**How to complete this task:**
Only the words of the entries are wanted, repeated exactly and without images.

*** Opening Record set ***

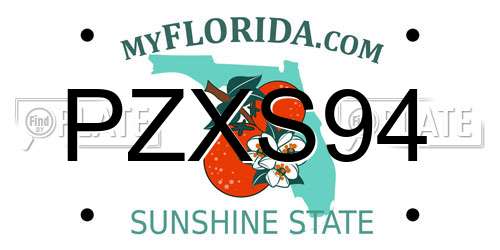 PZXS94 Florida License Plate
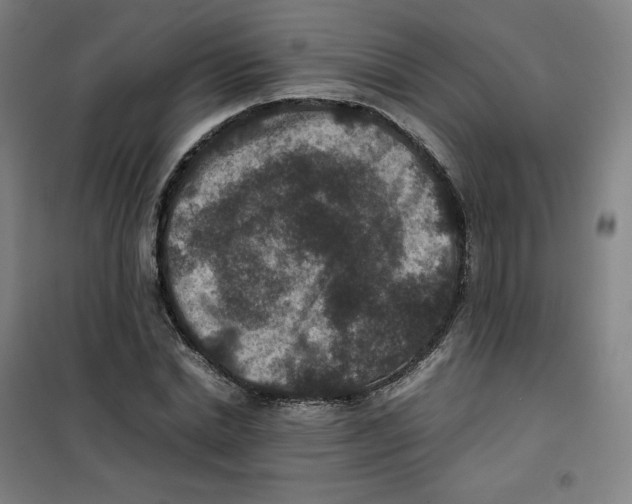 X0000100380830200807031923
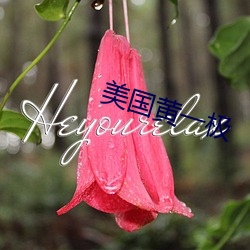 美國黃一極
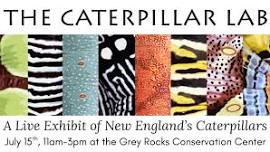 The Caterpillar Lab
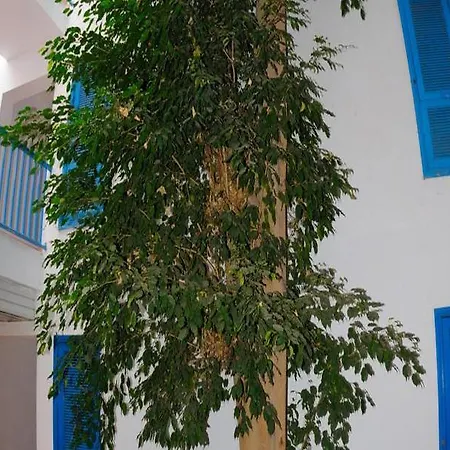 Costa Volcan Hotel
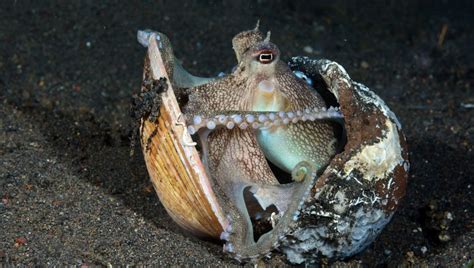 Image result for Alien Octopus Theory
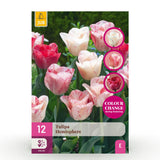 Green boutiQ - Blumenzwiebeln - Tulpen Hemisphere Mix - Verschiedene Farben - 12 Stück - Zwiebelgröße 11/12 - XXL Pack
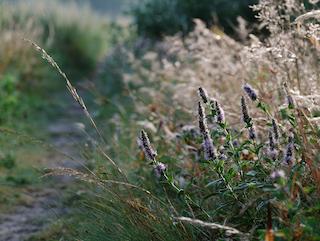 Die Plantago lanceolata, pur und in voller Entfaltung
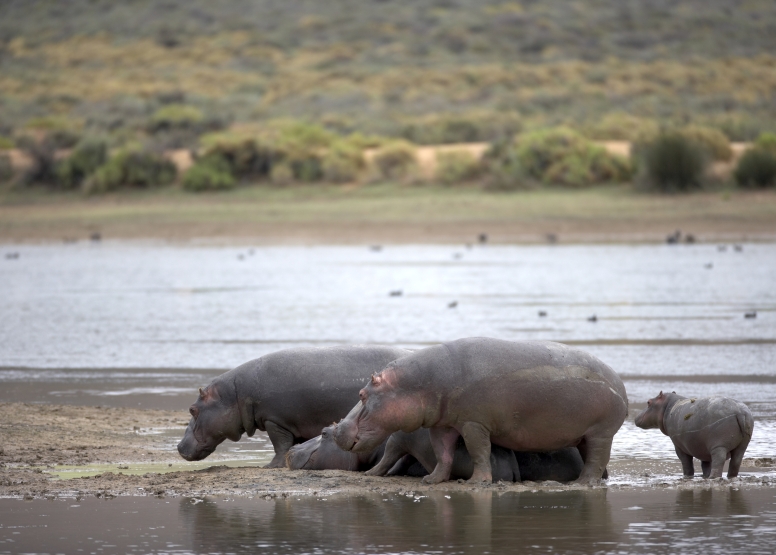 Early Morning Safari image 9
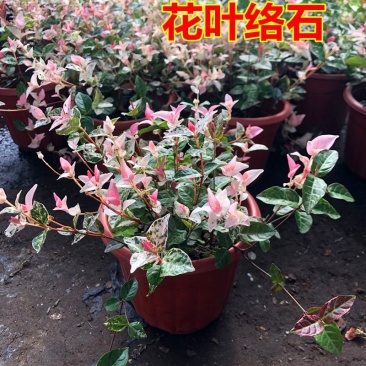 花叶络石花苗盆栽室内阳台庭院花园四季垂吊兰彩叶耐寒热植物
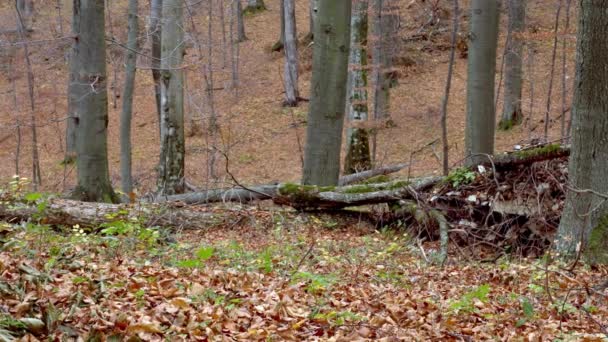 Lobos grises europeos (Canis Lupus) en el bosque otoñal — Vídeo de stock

*** Closing Record set ***

**Result for this exercise:**
 PZXS94 Florida License Plate
 X0000100380830200807031923
 美國黃一極
 The Caterpillar Lab
 Costa Volcan Hotel
 Image result for Alien Octopus Theory
 Green boutiQ - Blumenzwiebeln - Tulpen Hemisphere Mix - Verschiedene Farben - 12 Stück - Zwiebelgröße 11/12 - XXL Pack
 Die Plantago lanceolata, pur und in voller Entfaltung
 Early Morning Safari image 9
 花叶络石花苗盆栽室内阳台庭院花园四季垂吊兰彩叶耐寒热植物
 Lobos grises europeos (Canis Lupus) en el bosque otoñal — Vídeo de stock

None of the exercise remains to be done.